## Material supplied:
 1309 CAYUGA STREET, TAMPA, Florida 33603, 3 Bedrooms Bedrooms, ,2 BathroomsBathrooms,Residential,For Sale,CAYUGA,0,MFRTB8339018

--

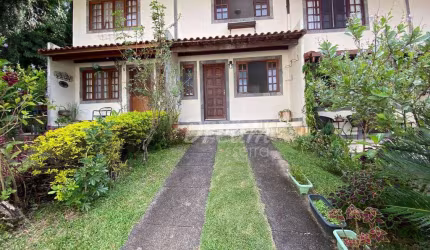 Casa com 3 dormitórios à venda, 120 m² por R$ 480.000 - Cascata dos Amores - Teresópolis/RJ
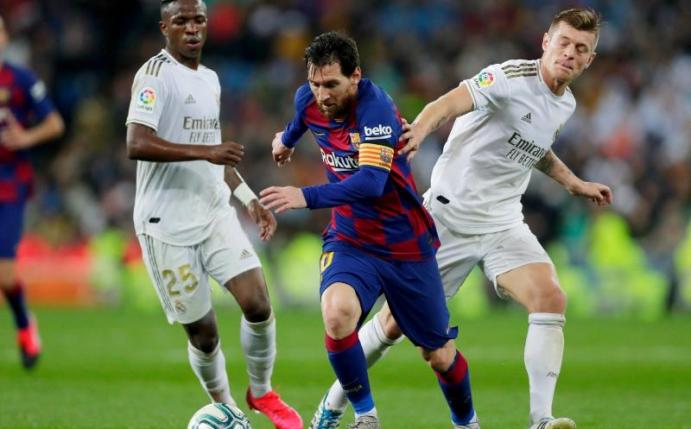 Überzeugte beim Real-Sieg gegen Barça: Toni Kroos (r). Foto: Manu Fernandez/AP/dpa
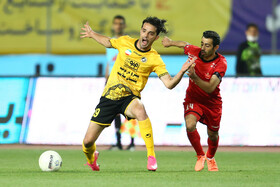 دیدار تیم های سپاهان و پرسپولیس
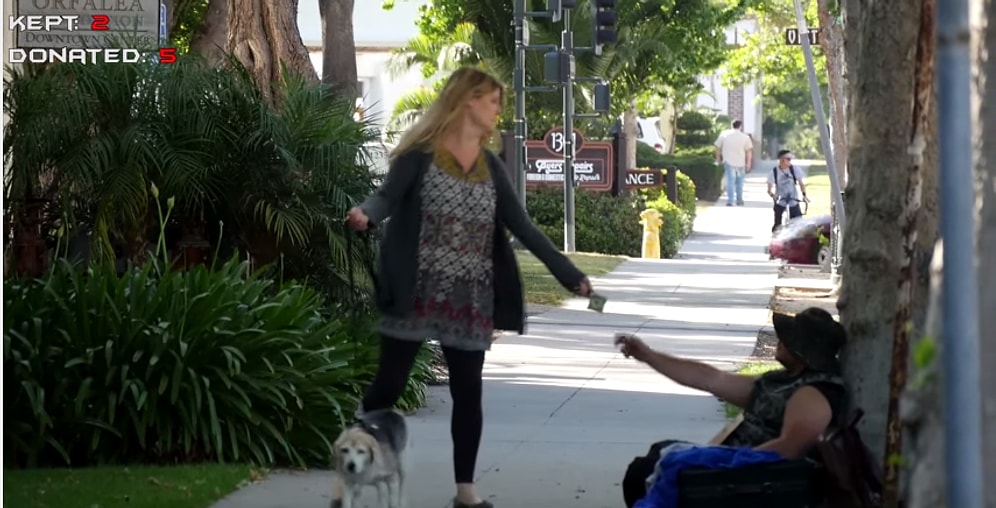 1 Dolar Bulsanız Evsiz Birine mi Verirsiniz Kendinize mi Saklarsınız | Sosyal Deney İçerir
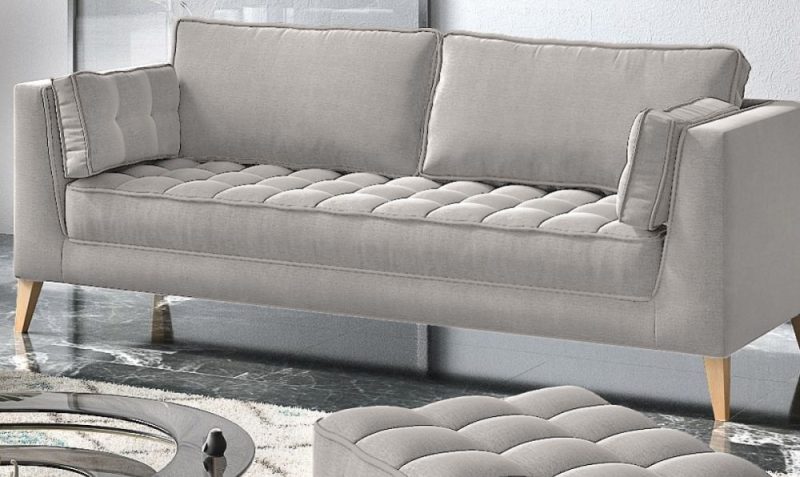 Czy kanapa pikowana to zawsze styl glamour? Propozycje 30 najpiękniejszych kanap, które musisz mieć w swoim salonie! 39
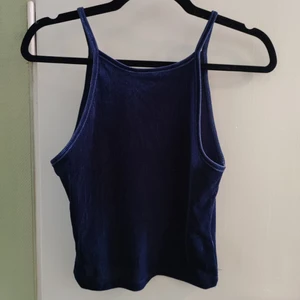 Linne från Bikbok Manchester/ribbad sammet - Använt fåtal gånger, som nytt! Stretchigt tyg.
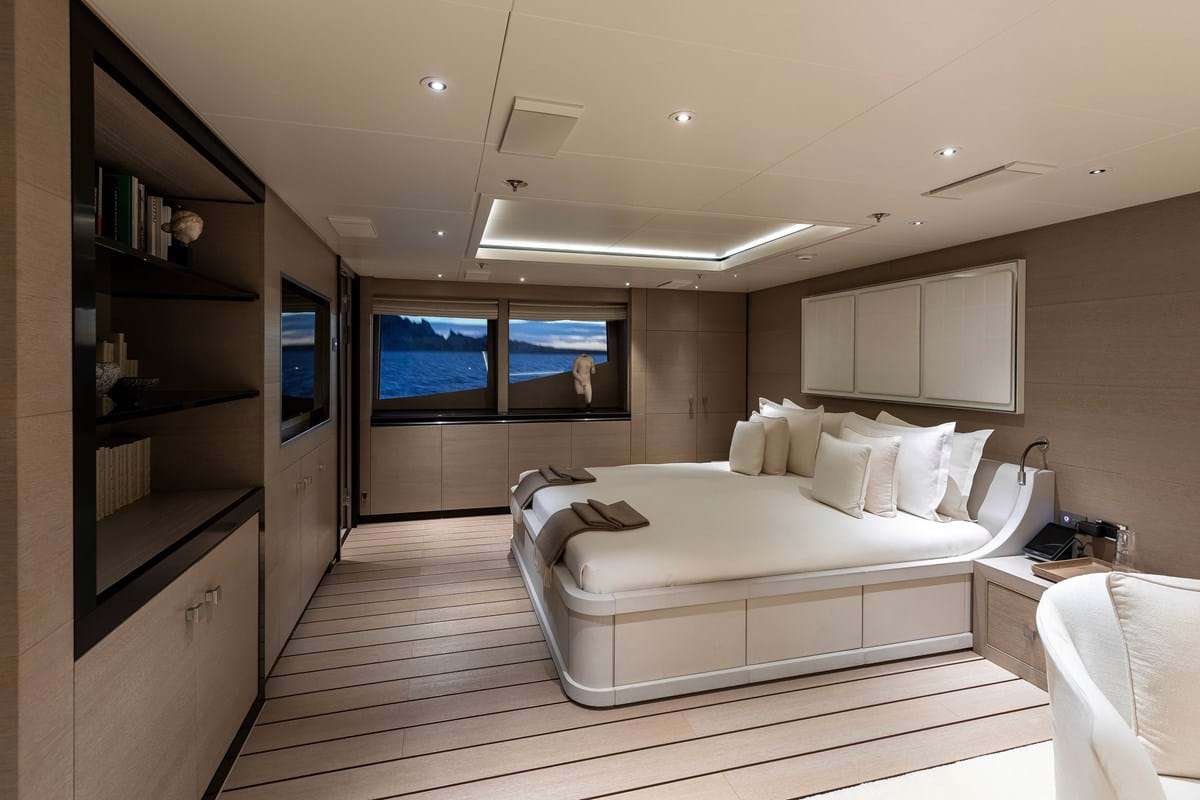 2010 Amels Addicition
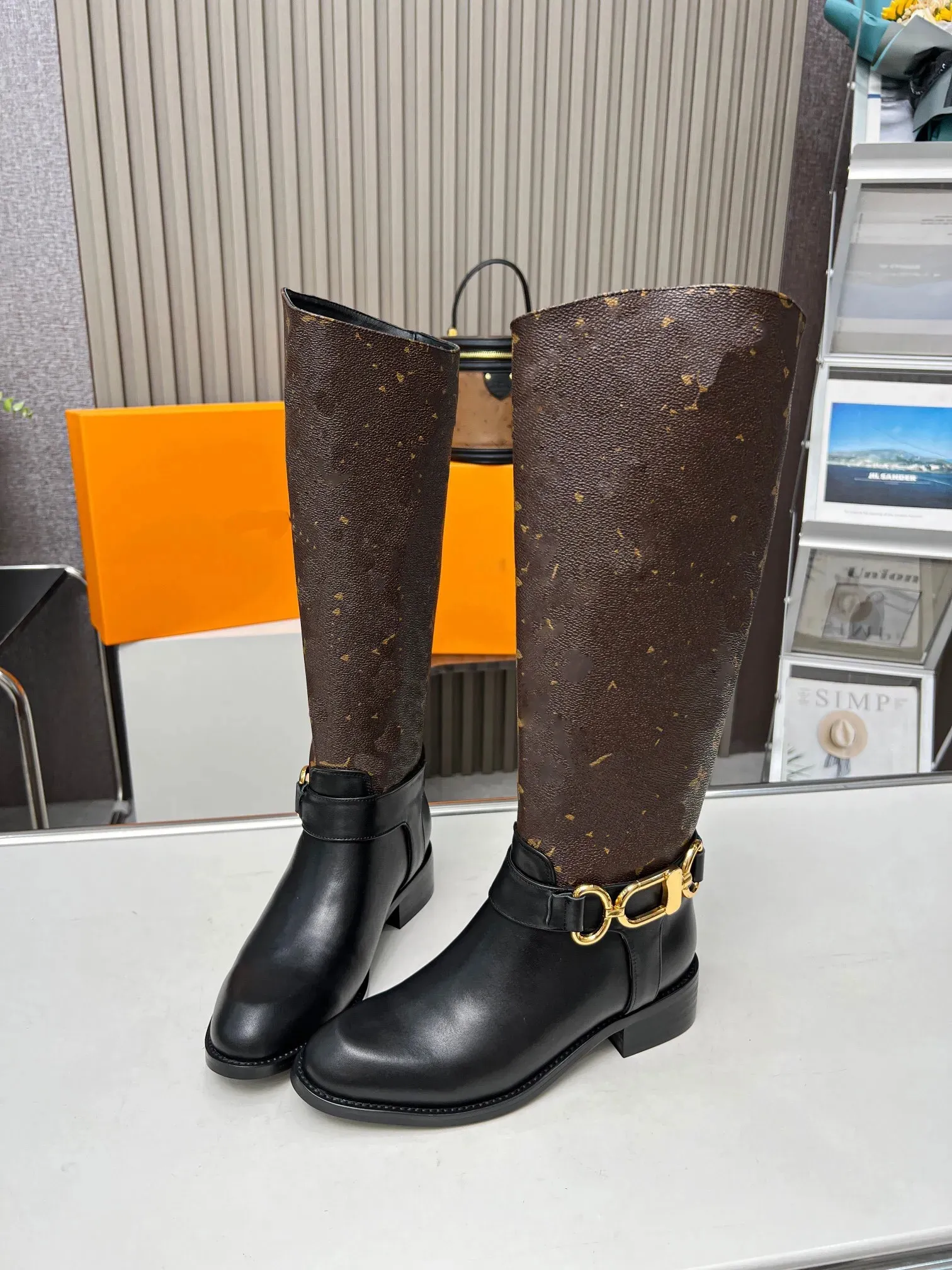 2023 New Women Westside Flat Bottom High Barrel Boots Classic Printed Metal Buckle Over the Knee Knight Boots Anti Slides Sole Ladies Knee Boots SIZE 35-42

## Task prompt:
Write down exactly what the lines above say, from the line holding "دیدار تیم های سپاهان و پرسپولیس" through the line holding "2023 New Women", and nothing more. Do not copy the pictures.

## Answer section:
 دیدار تیم های سپاهان و پرسپولیس
 1 Dolar Bulsanız Evsiz Birine mi Verirsiniz Kendinize mi Saklarsınız | Sosyal Deney İçerir
 Czy kanapa pikowana to zawsze styl glamour? Propozycje 30 najpiękniejszych kanap, które musisz mieć w swoim salonie! 39
 Linne från Bikbok Manchester/ribbad sammet - Använt fåtal gånger, som nytt! Stretchigt tyg.
 2010 Amels Addicition
 2023 New Women Westside Flat Bottom High Barrel Boots Classic Printed Metal Buckle Over the Knee Knight Boots Anti Slides Sole Ladies Knee Boots SIZE 35-42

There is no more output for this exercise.